Here’s how to create this easy and nutritious dessert:

Ingredients:

  • 1 tablespoon ghee
  • ½ cup rolled oats (or steel-cut oats)
  • 2-3 cups milk (whole milk, low-fat milk, or plant-based milk like almond milk)
  • 1-2 tablespoons coconut sugar (or adjust to your taste preference)
  • A few leaves of stevia (optional, for a very low-calorie option)
  • Chopped dry fruits (almonds, walnuts, your favorites)
  • Raisins
  • A few saffron strands (optional)
  • ¼ teaspoon cardamom powder

Instructions:

  1. In a heavy-bottomed pan, heat 1 tablespoon of ghee over medium heat.

  2. Add the rolled oats (or steel-cut oats) to the pan and dry roast for a minute or two, stirring constantly, until fragrant.

  3. Pour in the chosen milk (2-3 cups), depending on how thick you want your kheer to be.
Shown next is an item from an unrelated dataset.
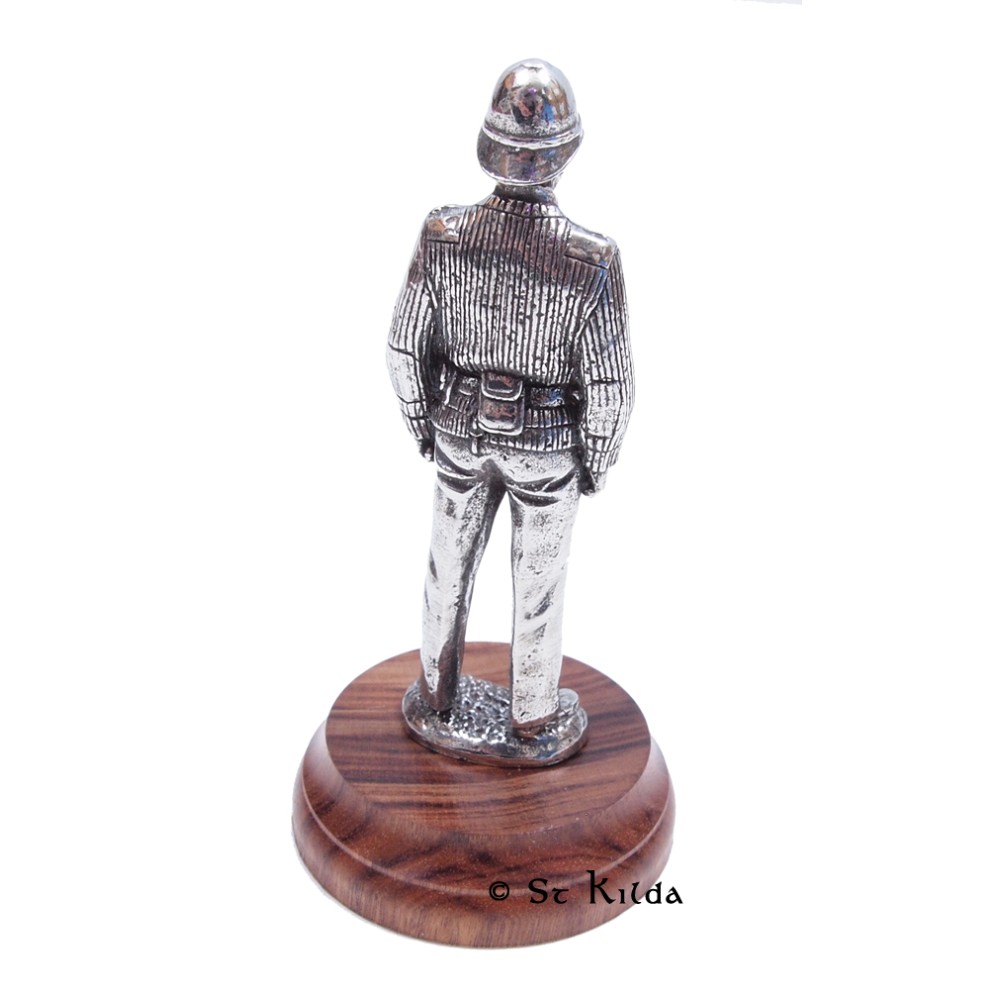 Pipercraft English & Welsh Police Officer Figurine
Start with 2 cups and add more if needed later.

  4. Add your preferred sweetener – 1-2 tablespoons of coconut sugar or a few leaves of stevia (if using). You can adjust the amount based on your taste preference and the sweetness of your chosen milk.
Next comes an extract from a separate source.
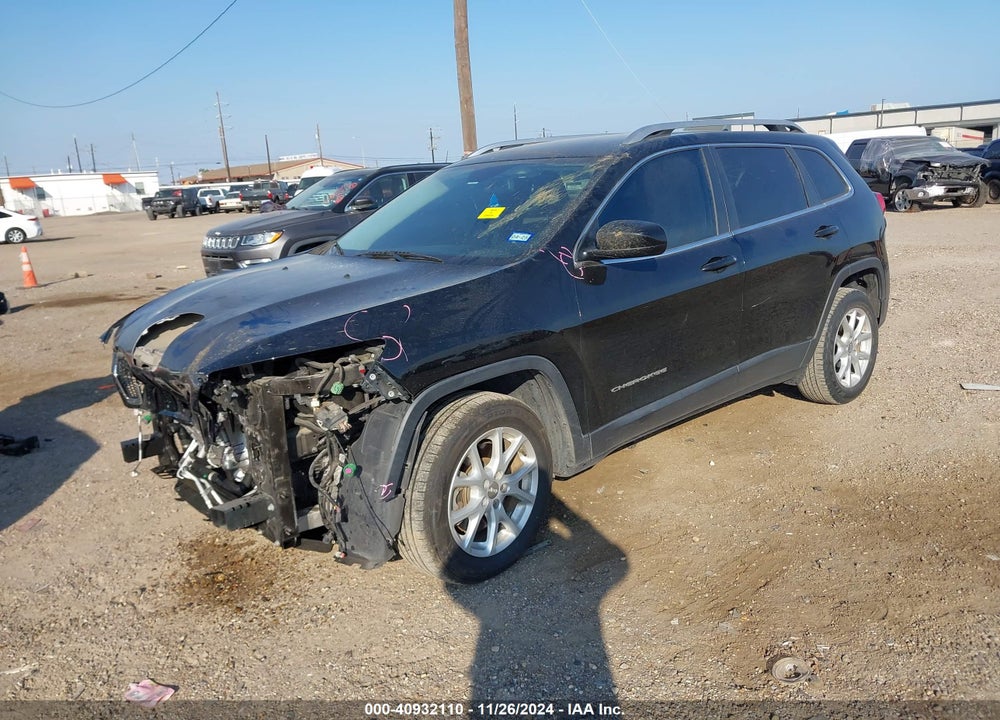 2018 JEEP CHEROKEE LATITUDE FWD VIN: 1C4PJLCB2JD566813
  5. Bring the mixture to a boil, then reduce heat and simmer for 2-3 minutes, or until the oats soften slightly. Stir occasionally to prevent sticking.

  6. While the kheer simmers, chop your favorite dry fruits like almonds and walnuts.

  7. Once the oats are softened, turn off the flame.

  8. Now it’s time to add the delicious toppings! Gently fold in the chopped dry fruits, raisins, a few saffron strands (for extra flavor and visual appeal), and a sprinkle of cardamom powder.

  9. Optional: If your kheer seems too thin, simmer it for an additional minute or two, but be mindful not to overcook it. The kheer will thicken as it cools.

  10. Serve your Oats Kheer warm or chilled, according to your preference.

Tips:

  • For a richer flavor, you can substitute a tablespoon of ghee with cashewnut paste.
  • To make this recipe vegan, use plant-based milk and skip the ghee.
  • Don’t have coconut sugar? You can use honey, maple syrup, or another natural sweetener of your choice. Just adjust the quantity based on the sweetness of the sweetener.
  • Play around with the toppings! Add chopped nuts, seeds, fresh fruits, or a drizzle of chocolate for a personalized touch.

Oats Kheer is a healthy and satisfying dessert that’s perfect for any occasion. So ditch the sugary treats and embrace the taste and goodness of this nutritious recipe!